• _BRIEF_
Write out the records that follow exactly. Do not include pictures.

• _SOURCE RECORDS_
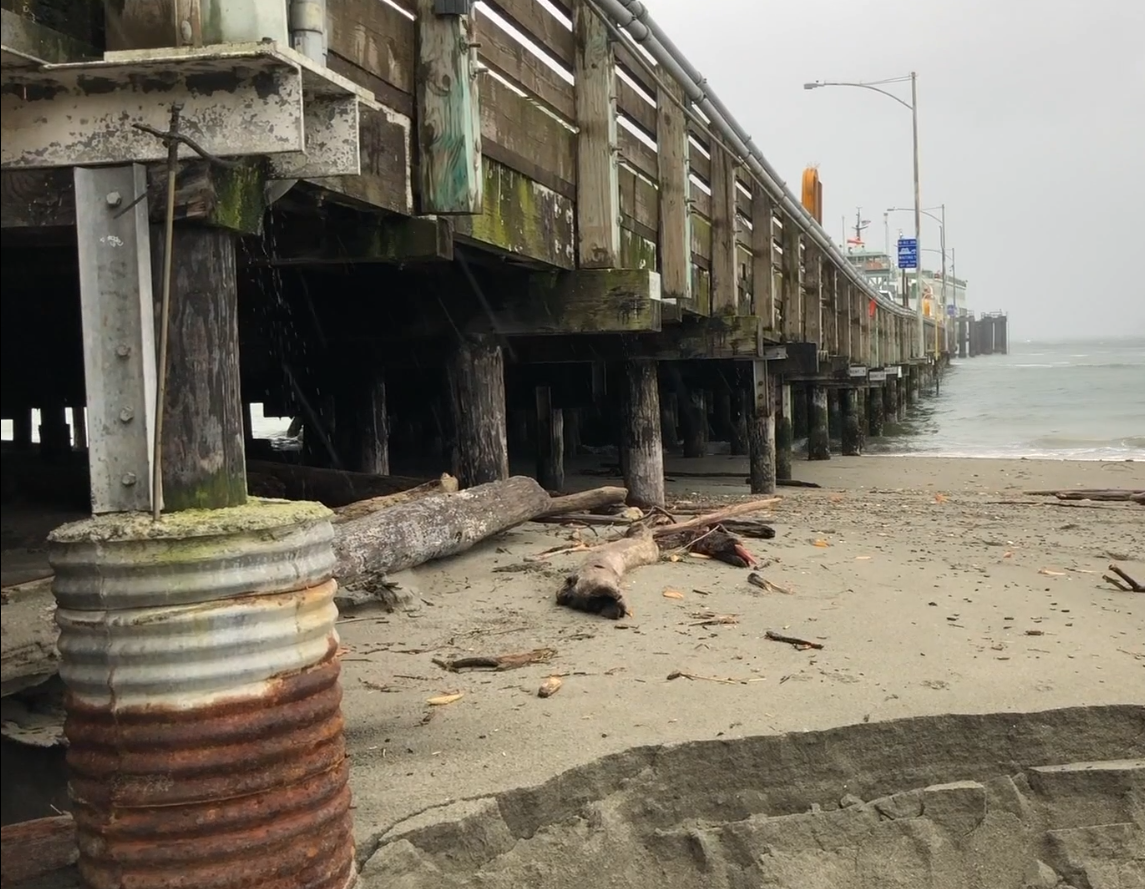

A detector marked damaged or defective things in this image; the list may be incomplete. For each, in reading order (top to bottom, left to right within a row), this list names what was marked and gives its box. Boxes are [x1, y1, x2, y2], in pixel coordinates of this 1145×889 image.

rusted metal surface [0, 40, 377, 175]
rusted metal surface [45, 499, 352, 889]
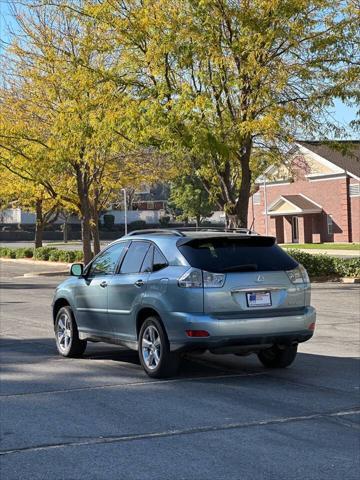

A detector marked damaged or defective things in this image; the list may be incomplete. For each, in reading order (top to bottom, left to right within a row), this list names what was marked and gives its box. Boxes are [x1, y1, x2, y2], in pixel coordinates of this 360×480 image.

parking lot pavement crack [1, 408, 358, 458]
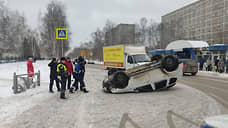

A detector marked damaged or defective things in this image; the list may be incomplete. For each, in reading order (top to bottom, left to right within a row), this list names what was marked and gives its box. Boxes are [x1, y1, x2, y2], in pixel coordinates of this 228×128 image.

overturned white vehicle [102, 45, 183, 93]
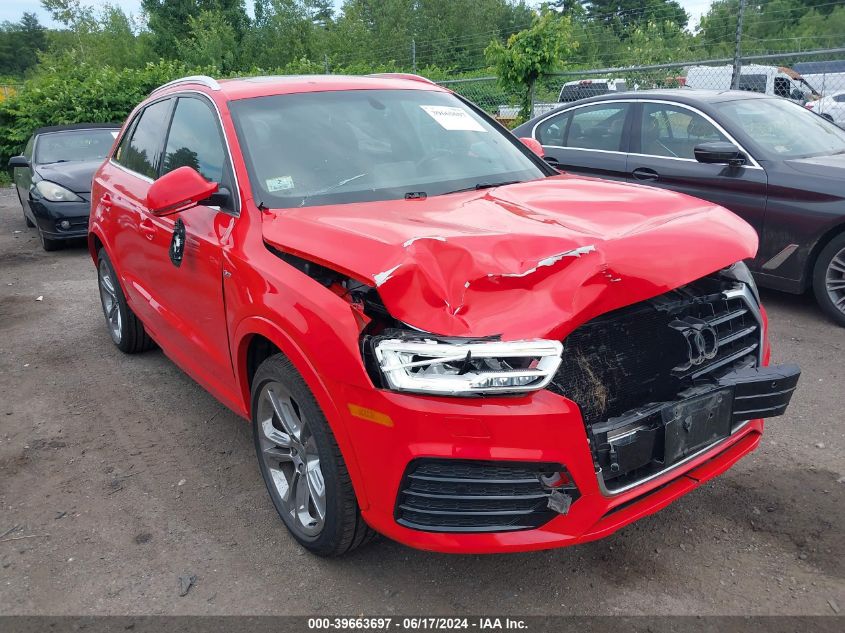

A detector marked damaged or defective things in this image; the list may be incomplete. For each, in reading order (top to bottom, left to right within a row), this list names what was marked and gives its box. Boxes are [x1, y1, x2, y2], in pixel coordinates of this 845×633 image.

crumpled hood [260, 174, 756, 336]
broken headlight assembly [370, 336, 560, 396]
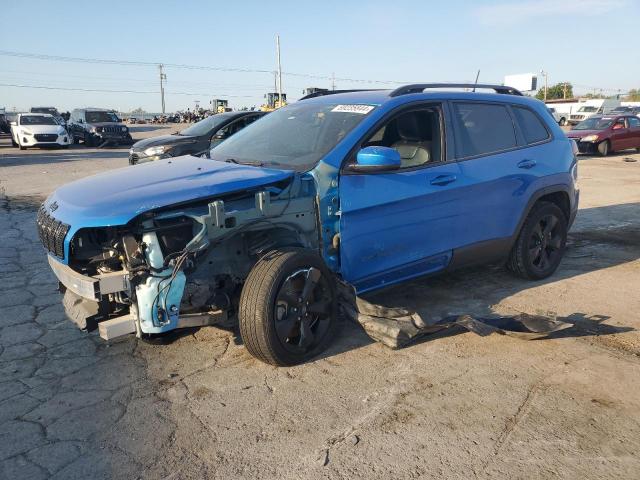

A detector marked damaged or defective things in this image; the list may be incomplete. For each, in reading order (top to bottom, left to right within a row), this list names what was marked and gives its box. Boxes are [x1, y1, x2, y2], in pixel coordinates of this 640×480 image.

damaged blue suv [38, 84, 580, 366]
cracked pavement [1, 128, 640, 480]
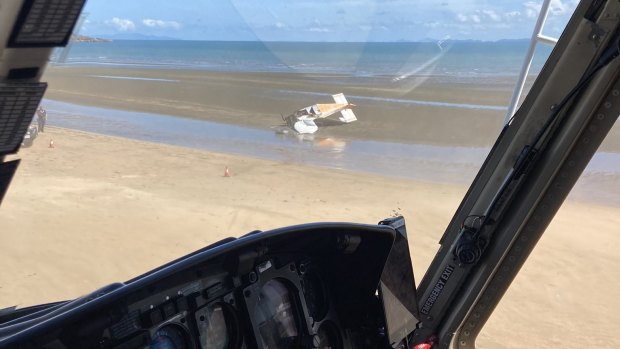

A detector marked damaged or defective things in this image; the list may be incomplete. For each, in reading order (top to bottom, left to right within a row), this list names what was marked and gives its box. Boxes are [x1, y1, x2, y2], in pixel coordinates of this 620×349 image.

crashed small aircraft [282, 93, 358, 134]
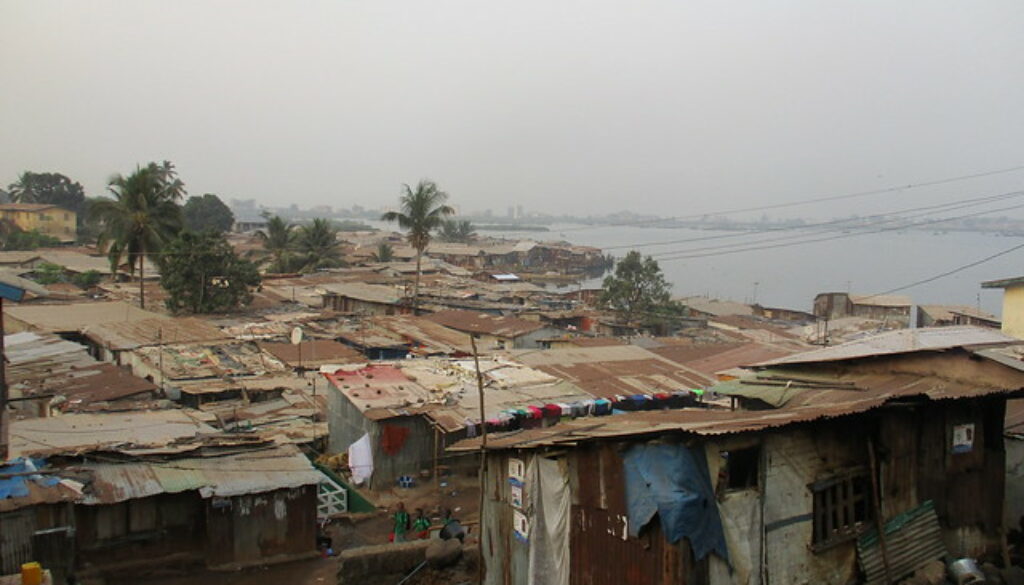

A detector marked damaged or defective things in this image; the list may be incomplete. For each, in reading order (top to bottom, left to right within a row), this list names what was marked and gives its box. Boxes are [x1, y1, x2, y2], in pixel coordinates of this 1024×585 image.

• _YOUR SOLUTION_
A detector marked damaged or defective things in this image; the list may be incomplete. For each, in reading order (top to bottom, left to right within a row), this list names what was marked and gives its box. Boxes are [x1, y1, x2, y2], in pixel coordinates of this 1145×889 image.

rusted metal surface [0, 40, 377, 175]
rusted metal surface [45, 499, 352, 889]

A detector marked damaged or defective things in this image; the list may be incomplete. For each, in reading order (top to bottom, left to right within a row), this list names what was marked and gives its box. Boxes are [x1, y1, x2, y2], in pixel coordinates of this 360×480 image.

parking lot pavement crack [1, 408, 358, 458]

A detector marked damaged or defective things in this image; the list may be incomplete. For each, in reading order (top to bottom, left to right within a row), this list names what was marked and gives its box. Boxes are [x1, y1, x2, y2], in pixel coordinates of this 228×128 image.

overturned white vehicle [102, 45, 183, 93]

A detector marked damaged or defective things in this image; the list may be incomplete. For each, in reading order (top to bottom, left to right within a row), this list names what was marked and gives its box. Boxes are [x1, y1, x2, y2], in pixel coordinates of this 845×633 image.

crumpled hood [260, 174, 756, 336]
broken headlight assembly [370, 336, 560, 396]

A detector marked damaged or defective things in this image; the list may be incomplete. For each, in reading order (top to bottom, left to right within a row), this list names what was marked and gives its box. Boxes are [x1, y1, x2, y2], in pixel coordinates of this 640×480 image.

damaged blue suv [38, 84, 580, 366]
cracked pavement [1, 128, 640, 480]

A detector marked damaged or defective things in this image; the list may be incomplete. For each, in reading order (top to bottom, left to right within a row), this list names what was marked and gives its box. Boxes are [x1, y1, x2, y2], in pixel coordinates of this 620×349 image.

crashed small aircraft [282, 93, 358, 134]

A detector marked damaged or defective things in this image; the list may be incomplete. For each, in reading order (top to bottom, left to right within a row), this list names what was marked and gives its box. Boxes are [x1, y1, x2, y2], in pixel coordinates of this 1024×585 image.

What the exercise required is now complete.